[Start of section]

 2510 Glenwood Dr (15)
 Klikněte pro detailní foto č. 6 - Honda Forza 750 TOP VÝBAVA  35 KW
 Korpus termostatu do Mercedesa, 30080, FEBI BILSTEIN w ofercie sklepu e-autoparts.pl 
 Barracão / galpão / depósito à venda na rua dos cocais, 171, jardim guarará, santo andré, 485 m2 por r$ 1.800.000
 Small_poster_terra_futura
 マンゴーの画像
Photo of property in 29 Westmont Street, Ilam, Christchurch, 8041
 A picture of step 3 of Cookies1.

[End of section]
[Start of section]

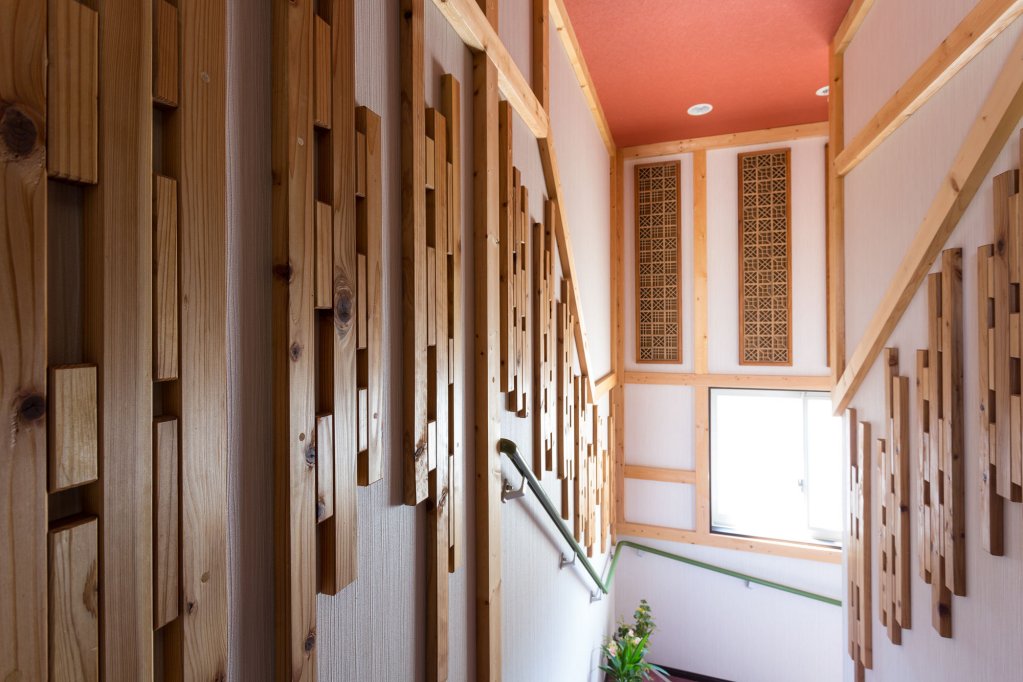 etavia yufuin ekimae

[End of section]

What is being asked — Of the entries above, transcribe exactly those lines that fall between the line containing "Klikněte pro detailní" and the line containing "A picture of step 3 of Cookies1.", together with those two lines.

Response area —
 Klikněte pro detailní foto č. 6 - Honda Forza 750 TOP VÝBAVA  35 KW
 Korpus termostatu do Mercedesa, 30080, FEBI BILSTEIN w ofercie sklepu e-autoparts.pl 
 Barracão / galpão / depósito à venda na rua dos cocais, 171, jardim guarará, santo andré, 485 m2 por r$ 1.800.000
 Small_poster_terra_futura
 マンゴーの画像
Photo of property in 29 Westmont Street, Ilam, Christchurch, 8041
 A picture of step 3 of Cookies1.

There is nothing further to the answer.